Herald on Sunday editor Alanah Eriksen and her son, Mateo. Photo / Michael Craig
OPINION
At 10pm on a Saturday, I was sending the front page of the Herald on Sunday to the printers.
By 12am I was two wines deep at a friend's farewell party on a very rare night out.
By 10am on Sunday I was lying on the couch watching Love Island, gorging on butter chicken, after the toddler's shrieking through the floorboards got too loud to ignore from my slumber.
My saint of a husband was wrangling him as the guilt set in and I perused the different version of "me".
It's six months since my maternity leave finished and I joined a group of people who are permanently tired and permanently guilty - working parents.
Getting the balance right in the game of life as a working parent is like trying to tear yourself away from Love Island (impossible). Like most families, mine can't afford for either of us not to work full-time, while trying to pay a mortgage and put food on the table.
But it's not just about the money. I want to work, and I want to do well at work.
I heard a good analogy recently that each of us is made up of 100 per cent and we can give only a percentage of ourselves to all the different aspects of our life.
But what's a fair weight? Thirty-three per cent respectively to work, play and family? That doesn't leave much of the pie for your relationship, chore time or me-time. (Should the yoga be done at 4am so there's time to shower before the toddler gets up? Or at 8pm once he's in bed, and I just forgo dinner?).
Or does the kid get 50 per cent until he's a certain age and that slowly diminishes as he gets more self-sufficient? Does my husband work to the same ratio? How do we calculate whose job is more demanding?
I never see our son in the mornings as the commute to work is pretty long. I start early to beat traffic and so I can finish early enough to beat the traffic and pick him up from daycare.
But I've not left on time once since I came back from maternity leave.
My son's often the last kid at daycare. One time when I arrived the teacher was already mopping the floor, Mateo holding his arms up for her to give him a cuddle as she poured more Janola on the floor.
Another time he was bashing away on a laptop (a broken one a parent had brought in), seriously deep in thought. The teacher said it was his favourite "toy". Coincidence, or a byproduct of his parents being on their computers at night, squeezing in a few more work emails as he pulls at our shirts pleading for attention?
Also, his first word was "bye". Coincidence, or a byproduct of parents constantly frantic to get out the door each day?
In the last six months, our son's had gastro twice, conjunctivitis, hand, foot and mouth disease, bronchitis, Covid-19 and many colds and cases of flu. Not to mention the sleepless nights from teething, night terrors or the daytime naps being mucked up.

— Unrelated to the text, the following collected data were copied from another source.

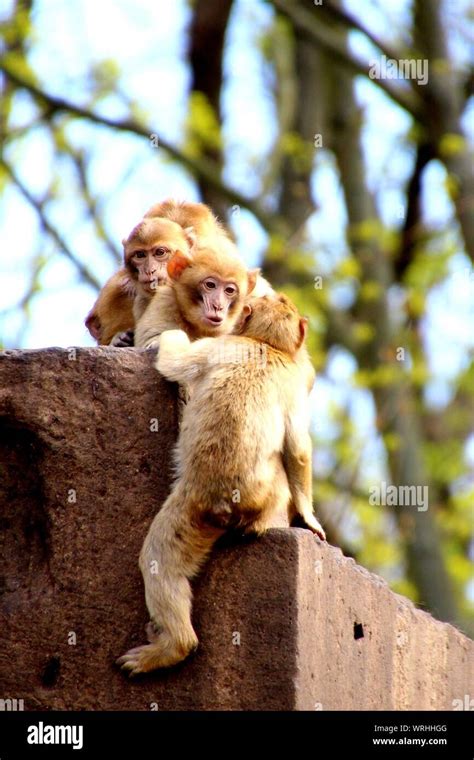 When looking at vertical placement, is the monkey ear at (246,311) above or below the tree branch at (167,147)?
below

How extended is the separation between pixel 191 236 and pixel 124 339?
104 cm

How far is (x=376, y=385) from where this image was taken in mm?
19969

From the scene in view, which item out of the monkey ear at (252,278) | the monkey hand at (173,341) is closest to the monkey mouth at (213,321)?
the monkey hand at (173,341)

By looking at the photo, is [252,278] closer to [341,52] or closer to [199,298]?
[199,298]

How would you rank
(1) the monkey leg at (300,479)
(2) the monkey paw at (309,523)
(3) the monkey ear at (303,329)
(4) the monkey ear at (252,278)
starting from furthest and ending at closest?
(4) the monkey ear at (252,278) < (3) the monkey ear at (303,329) < (2) the monkey paw at (309,523) < (1) the monkey leg at (300,479)

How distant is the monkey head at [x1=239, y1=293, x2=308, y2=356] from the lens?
768 centimetres

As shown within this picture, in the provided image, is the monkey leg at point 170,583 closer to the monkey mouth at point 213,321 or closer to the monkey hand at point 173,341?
the monkey hand at point 173,341

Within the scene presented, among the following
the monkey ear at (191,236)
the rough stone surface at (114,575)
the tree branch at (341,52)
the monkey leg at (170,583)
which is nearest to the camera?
the monkey leg at (170,583)

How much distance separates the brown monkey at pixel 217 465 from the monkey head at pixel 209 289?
531mm

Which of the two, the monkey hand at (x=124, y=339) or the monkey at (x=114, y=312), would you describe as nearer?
the monkey hand at (x=124, y=339)

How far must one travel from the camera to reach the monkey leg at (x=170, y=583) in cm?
693

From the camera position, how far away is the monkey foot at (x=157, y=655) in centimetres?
693

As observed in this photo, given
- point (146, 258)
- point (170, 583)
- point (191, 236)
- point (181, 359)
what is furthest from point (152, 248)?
point (170, 583)

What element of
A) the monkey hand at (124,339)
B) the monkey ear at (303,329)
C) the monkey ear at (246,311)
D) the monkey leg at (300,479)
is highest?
the monkey hand at (124,339) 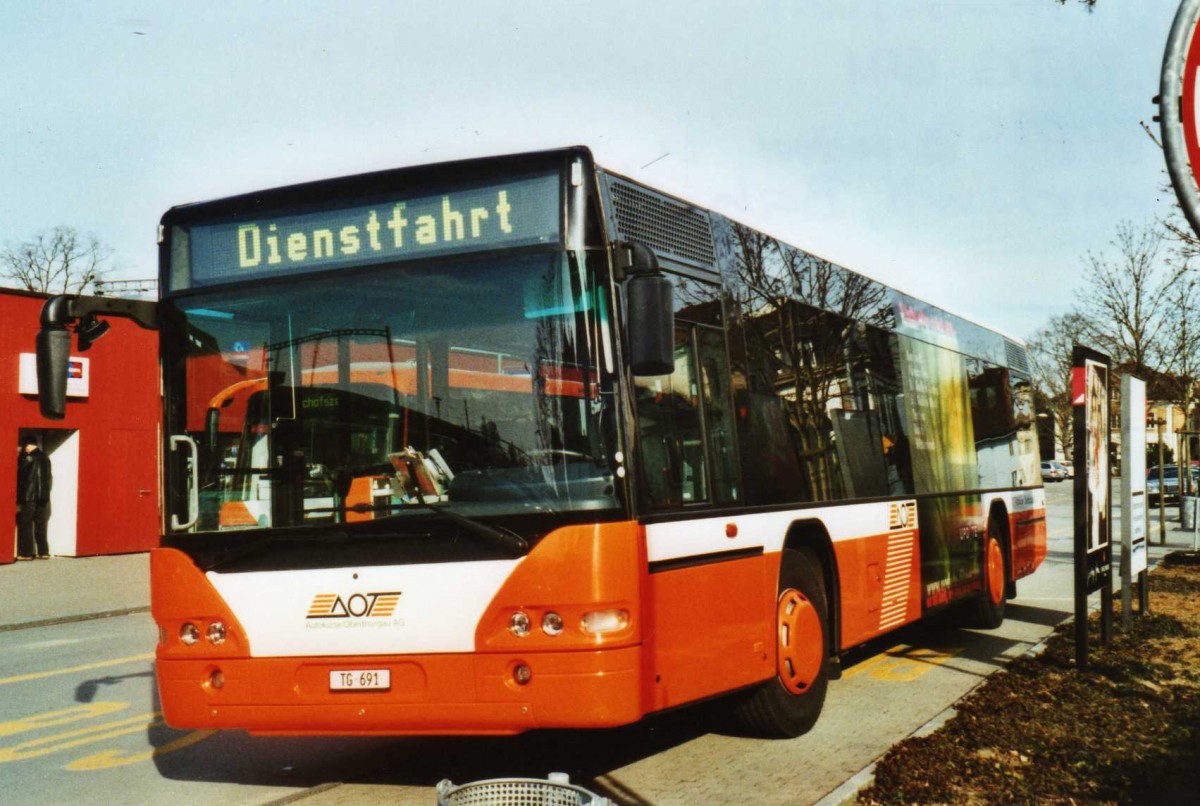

It's not really possible for my husband to work from home in his job and he's already eaten into sick leave and annual leave to look after our son, and our parents don't live in Auckland, so the nurse role has mainly fallen to me in among making sure our readers are getting a great product each week (and overseeing its major redesign and the launch of its new lifestyle magazine).
There have been some crazy contortions to get through the workload around him (and all the snot). Luckily, I have a flexible employer who understands what working families face. My colleagues have all met Mateo on Zoom, just as I've met their children, spouses, cats and courier drivers.
There's not suddenly going to be extra hours in the day and we are never going to be able to split ourselves in two but at least the pandemic has allowed many of us to distort our lives, a luxury my working mum certainly didn't have with three children in the 1990s, and one for which some occupations still don't allow.
And, working for a Sunday paper, I get to enjoy Mondays off with my little guy.
I can only hope that one day, as he's accepting an award for brain surgery, Premiere League Football and/or rocket science he'll thank us for our work ethic and it will all be worth it.